Walking in the character’s shoes
Billy McErlane is the protagonist of Zappa’s Mam’s a Slapper. I got to know Billy quite well while I was writing the book, and not just because he came into the room where I write (the one I laughably refer to as my office) and talked to me until the book was finished. Between Billy and me we decided to make him (a) a celeb and (b) a photographer. An old friend of mine, who really is a photographer (and a really good one) – his name, if you’re interested, is Jeff Drabble and he’s in New Zealand – asked me this morning why I had made Billy a photographer. I tried to explain how the demands of plot development had required that Billy take pics rather than, say, write novels (which had in fact been his first ambition) but I hope I also got across that it isn’t really that simple. Be that as it may, a photographer is what Billy turned out to be and while I am also a keen snapper (though nothing on the Jeff Drabble scale) I felt I needed to get closer to Billy’s life. So I went with him. This passage appears in the book (which is written in the first person in Billy’s voice):
McErlane’s agent, Jessica Robinson, has assembled a line of prints featuring some of the best of his recent portraits and is making them available through retail outlets at prices that mean no home need be without its McErlane. The example shown here, The Future, is one of these and is available, framed and ready to hang, at only £60.

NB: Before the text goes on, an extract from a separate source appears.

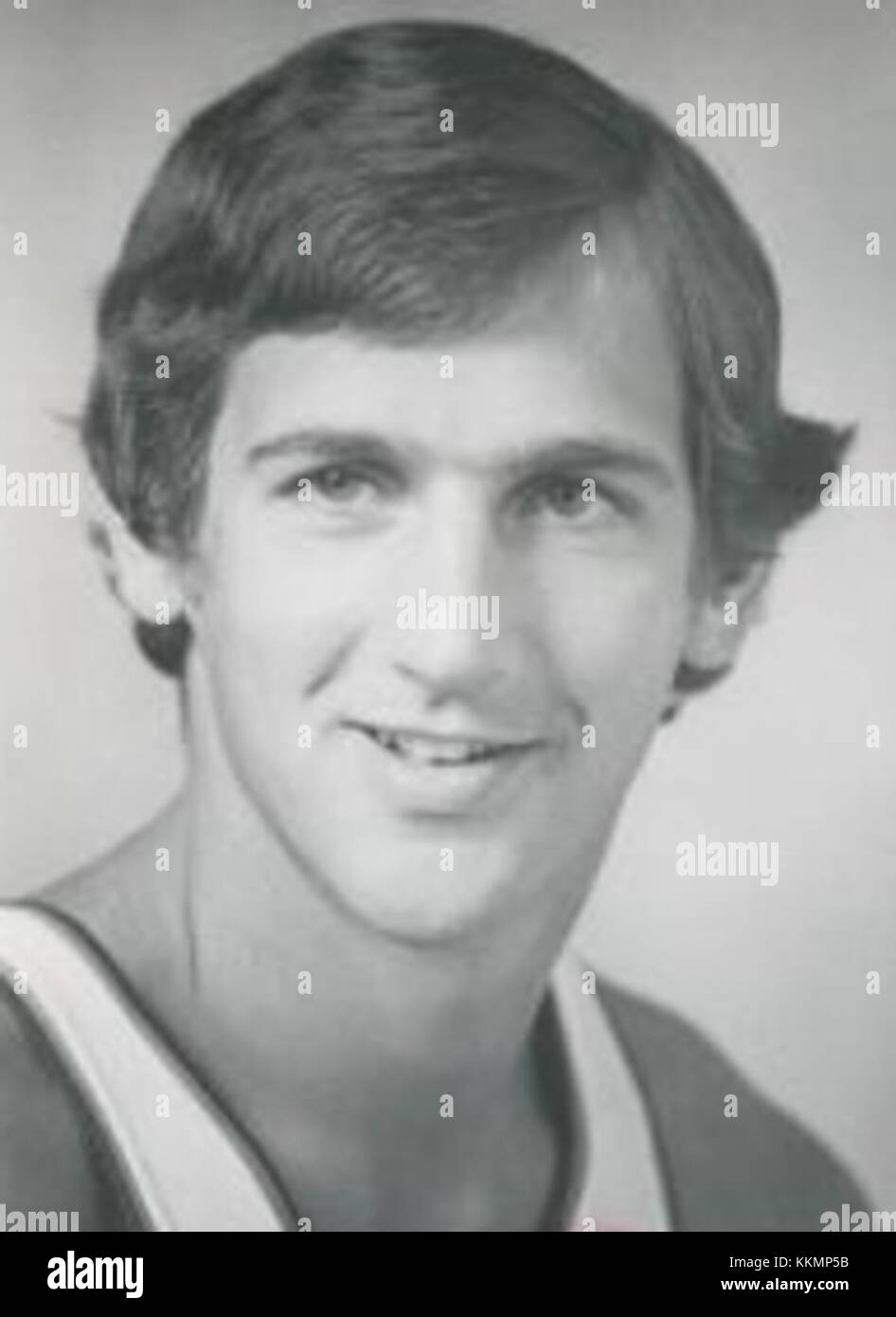 Cette photo de presse de 1975 capture Paul Westphal, un joueur de basket-ball professionnel américain connu pour sa carrière en NBA, en particulier avec les Celtics de Boston et les Suns de Phoenix. Banque D'Images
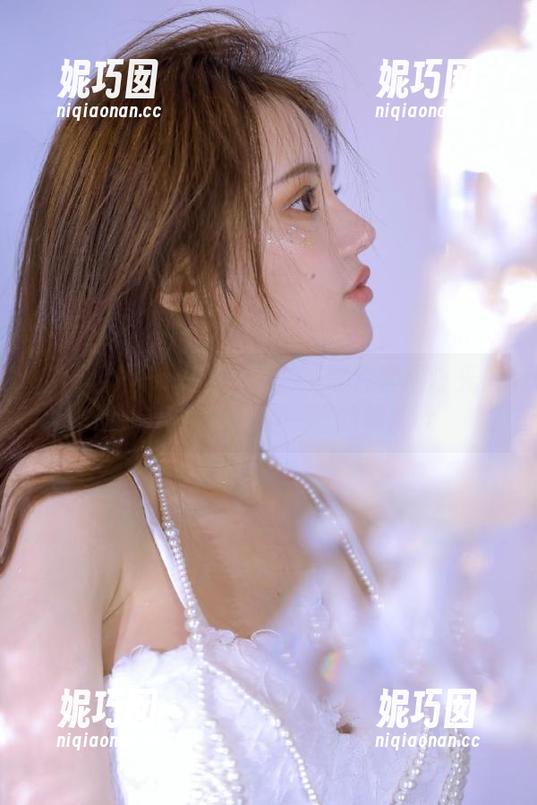 魅妍社 - FoxYini孟狐狸黑色套图曝光：私拍作品展现不一样的她.txt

The picture she’d chosen was one I was particularly pleased with. It showed a man on a hillside, back to the camera, looking into the distance. Nothing of his face was visible, and the idea you got was of someone staring towards what might be. He was wearing a hip-length red coat, black jeans, white trainers and a brown hat with an absolutely flat brim. Two dogs were close to his feet.
That description didn’t come out of nowhere; in fact I had taken that pic on a hillside about 3 miles from where I live. Here it is:
A little later, we get this:
I turned from the track and we walked along a broad belt of grass with trees to the side until we came to a fence, at which point I had to get the camera in both hands again because beyond the fence was a group of buildings in an open field that said everything the editor paying for my trip wanted to know about how the past could exist harmoniously in the present.
Once again, Billy is describing a photograph that I took (very early on a frosty morning):
I don’t know to what extent every writer does this but I can’t write without getting inside the head of my characters and sometimes that means living the lives they lead – walking in their shoes. From time to time, I do wonder whether I’m entirely sane. But, then – who is?
No comments yet.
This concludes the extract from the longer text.